Les maisons de bois sont couvertes d’énormes pierres plates, très-propres à les empêcher de s’envoler, mais qui doivent aider à les écraser quand, à leur poids, s’ajoute celui de la neige. Je remarque des fenêtres grillées, et de petites portes singeant les grandes et qui ressemblent à des gueules de fours.

L’accident est réparé, nous avons repris notre marche. Les autres voitures nous avaient attendus, ainsi le veut le règlement, chose assez prudente : dans les mauvais temps, les voyageurs, sauf les courriers, ne marchent que par convois.

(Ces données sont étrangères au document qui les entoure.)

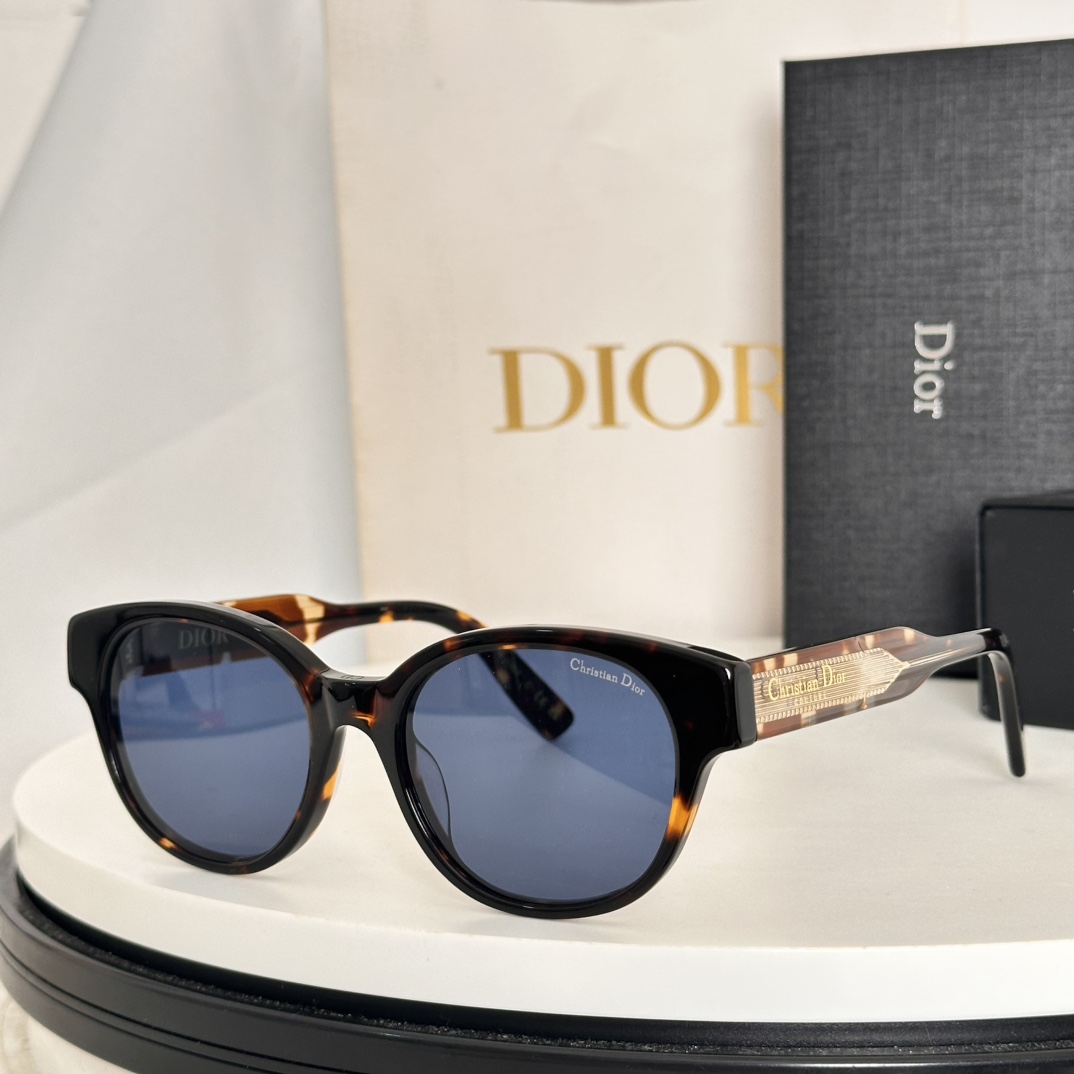  ‼️Dior
MODEL：Christian Dior Label R1F
SIZE：  53口19-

Nous traversons d’autres villages ou hameaux, toujours éclairés par cette magnifique lune dont je ne cesse de remercier l’éclat qui nous laisse apercevoir la cime des montagnes et le cours des torrents formant chûte ou cascade. Dans un de ces cours d’eau, nous apercevons des lumières ; le Gênois nous dit que c’est une pêche aux flambeaux, et que l’on prend ainsi de fort belles truites.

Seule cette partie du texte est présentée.